I was almost 11 years, 7 months old when John was shot. I didn’t really know about him. I mean, yes, I’d heard about The Beatles, and had heard the line-up before, but the only names that stuck in my Star Wars and Lego-obsessed brain (I, of course, have grown since then) were McCartney and Ringo. My middle name is Paul, so...and I like the sound of the name “McCartney.” And of course Ringo Starr is such a showbizzy name it sticks in your head. The names John Lennon and George Harrison are pretty average sounding. And the last time John released a new album I was 5. At 5 my mind was on Batman and Gilligan’s Island reruns and kindergarten.
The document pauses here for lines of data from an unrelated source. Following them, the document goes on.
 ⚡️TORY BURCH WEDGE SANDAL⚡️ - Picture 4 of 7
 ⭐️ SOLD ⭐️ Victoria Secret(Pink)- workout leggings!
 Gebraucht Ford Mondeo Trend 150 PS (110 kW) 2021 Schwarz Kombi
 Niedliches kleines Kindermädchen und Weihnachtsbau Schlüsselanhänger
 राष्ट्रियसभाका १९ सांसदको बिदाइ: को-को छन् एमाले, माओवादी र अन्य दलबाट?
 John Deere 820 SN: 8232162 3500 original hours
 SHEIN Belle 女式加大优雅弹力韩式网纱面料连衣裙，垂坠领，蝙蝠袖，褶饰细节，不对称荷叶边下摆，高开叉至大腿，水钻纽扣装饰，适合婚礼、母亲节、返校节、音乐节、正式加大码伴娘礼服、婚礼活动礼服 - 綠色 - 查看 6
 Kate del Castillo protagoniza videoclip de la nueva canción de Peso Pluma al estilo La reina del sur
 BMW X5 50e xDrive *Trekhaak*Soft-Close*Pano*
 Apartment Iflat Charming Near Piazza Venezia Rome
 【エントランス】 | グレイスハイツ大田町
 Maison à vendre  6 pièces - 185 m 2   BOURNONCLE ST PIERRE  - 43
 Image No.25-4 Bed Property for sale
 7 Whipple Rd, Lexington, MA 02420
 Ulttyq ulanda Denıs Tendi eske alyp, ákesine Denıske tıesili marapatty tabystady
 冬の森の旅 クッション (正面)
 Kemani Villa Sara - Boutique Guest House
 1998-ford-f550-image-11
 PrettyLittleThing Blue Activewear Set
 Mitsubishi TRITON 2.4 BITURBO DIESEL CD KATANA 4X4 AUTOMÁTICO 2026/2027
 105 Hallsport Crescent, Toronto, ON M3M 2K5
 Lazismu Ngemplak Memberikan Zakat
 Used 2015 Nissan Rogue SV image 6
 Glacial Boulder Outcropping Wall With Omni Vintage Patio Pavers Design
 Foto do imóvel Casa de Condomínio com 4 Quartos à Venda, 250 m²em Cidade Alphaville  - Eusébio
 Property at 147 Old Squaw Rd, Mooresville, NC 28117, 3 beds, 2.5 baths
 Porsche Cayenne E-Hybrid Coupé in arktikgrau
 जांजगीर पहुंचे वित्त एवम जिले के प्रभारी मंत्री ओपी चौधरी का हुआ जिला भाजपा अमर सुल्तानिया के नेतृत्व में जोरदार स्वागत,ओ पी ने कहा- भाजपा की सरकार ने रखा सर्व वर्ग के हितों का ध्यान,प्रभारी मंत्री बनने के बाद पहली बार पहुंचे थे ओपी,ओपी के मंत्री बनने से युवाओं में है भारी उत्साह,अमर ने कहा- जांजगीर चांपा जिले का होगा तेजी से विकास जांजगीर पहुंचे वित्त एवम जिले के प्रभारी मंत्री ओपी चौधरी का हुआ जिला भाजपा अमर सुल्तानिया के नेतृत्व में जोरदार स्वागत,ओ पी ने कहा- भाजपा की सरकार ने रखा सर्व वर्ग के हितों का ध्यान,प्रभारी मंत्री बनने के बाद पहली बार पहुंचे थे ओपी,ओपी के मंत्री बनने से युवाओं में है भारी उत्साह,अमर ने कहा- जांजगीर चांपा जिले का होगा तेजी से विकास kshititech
I didn’t start paying attention to music until around 1979.
So, yeah, the first time I noticed John Lennon was on December 8, 1980. Kinda bites, don’t it? (Would you like a bites donut?)
I remember EVERY SINGLE RADIO STATION, ALLLLLLLLLLLLLLLL of them, played nothing but Beatles and Lennon songs. All the different formats were scrapped and it was nothing but songs recorded by Lennon the next few days 24/7. Country, Classical, even the Muzak stations were playing Lennon.
I’ve been an insomniac since I was 9, and even at 11 I had quite the imagination. Insomnia kicked in at around 1 or 2 AM. Terrified of waking up in a silent room back then, because, of course, any noise is a giant, purple, single-horned snorklewacker looking for a pasty-white kid to eat, I turned on my radio. (Ok, at 11 I knew there weren’t monsters, or ghosts looking to git me, but sounds set off the imagination which scared the crap out of me. Ya know, the scary movie in my mind. Oh, and I used to sleep with my bedroom light on, too.) “I Wanna Hold Your Hand” was playing.
At the time my favorite station was 1310 KRUX. Listening to an AM radio station at 3:00 in the morning did NOT help my imagination any. First of all, my brain is thinking, “I’m hearing a dead-man singing.” Then there’s all the interference AM radio gets in the dead of night. And all that interference is other Beatle/Lennon songs, overlapping distant DJs talking about Lennon, and reporting the story. Actually, I’m getting a little creeped out thinking of it now. And there wasn’t anything I could do about it. I didn’t have a TV or stereo in my room, so I couldn’t go to another source of distraction from the boogums. And I couldn’t run to another radio station to get away from this singing voice that came from a body lying in a New York morgue right now. FM would have less interference, but he would still be there. And turning off the radio and laying in silence would just increase the spooky imagination.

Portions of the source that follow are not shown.